[Start of section]

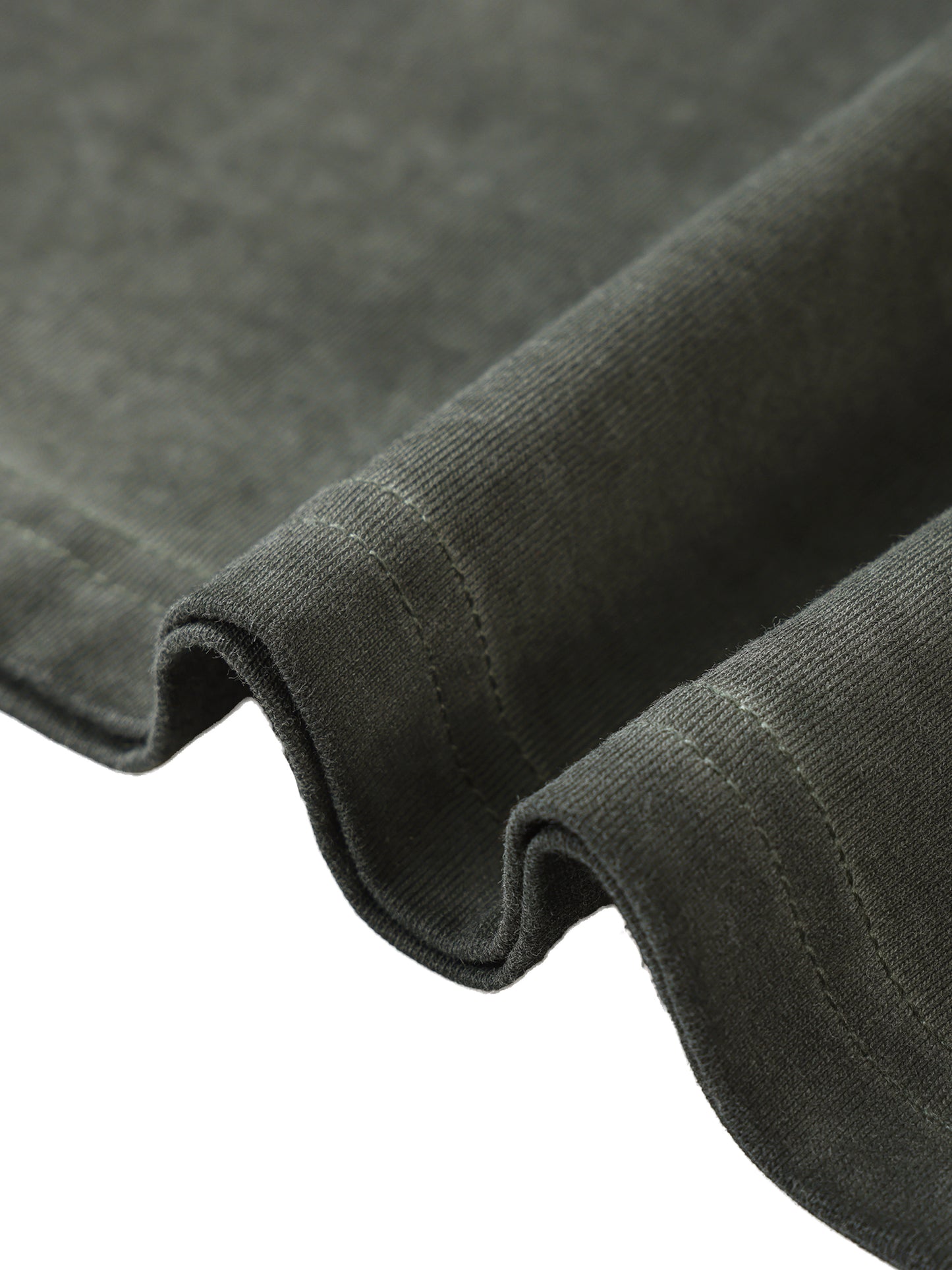 Close-up of dark gray fabric with a textured surface
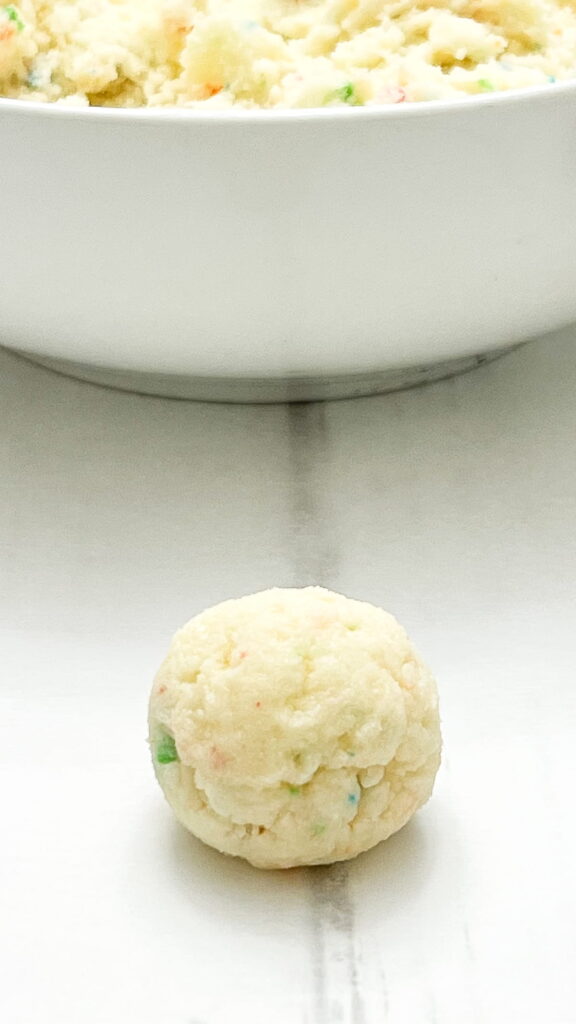 A ball of cookie dough with colored sprinkles sits on a white surface, with a bowl of more dough in the background.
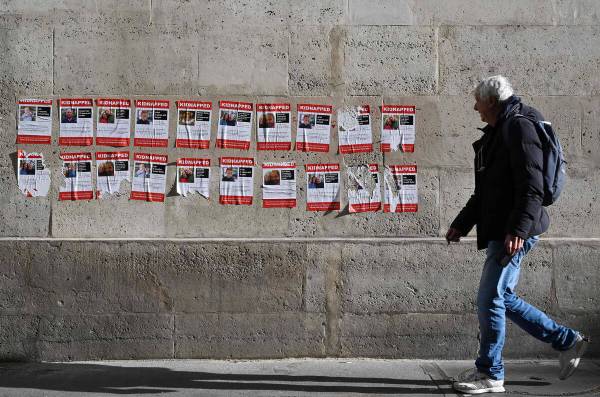 A man walks past placards, showing recently abducted or missing Israelis, to symbolise young ho ...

[End of section]

- **Task description**
Everything from the line containing "A ball of cookie" through the final line of the material must be set down exactly, except the pictures.

- **Output**
 A ball of cookie dough with colored sprinkles sits on a white surface, with a bowl of more dough in the background.
 A man walks past placards, showing recently abducted or missing Israelis, to symbolise young ho ...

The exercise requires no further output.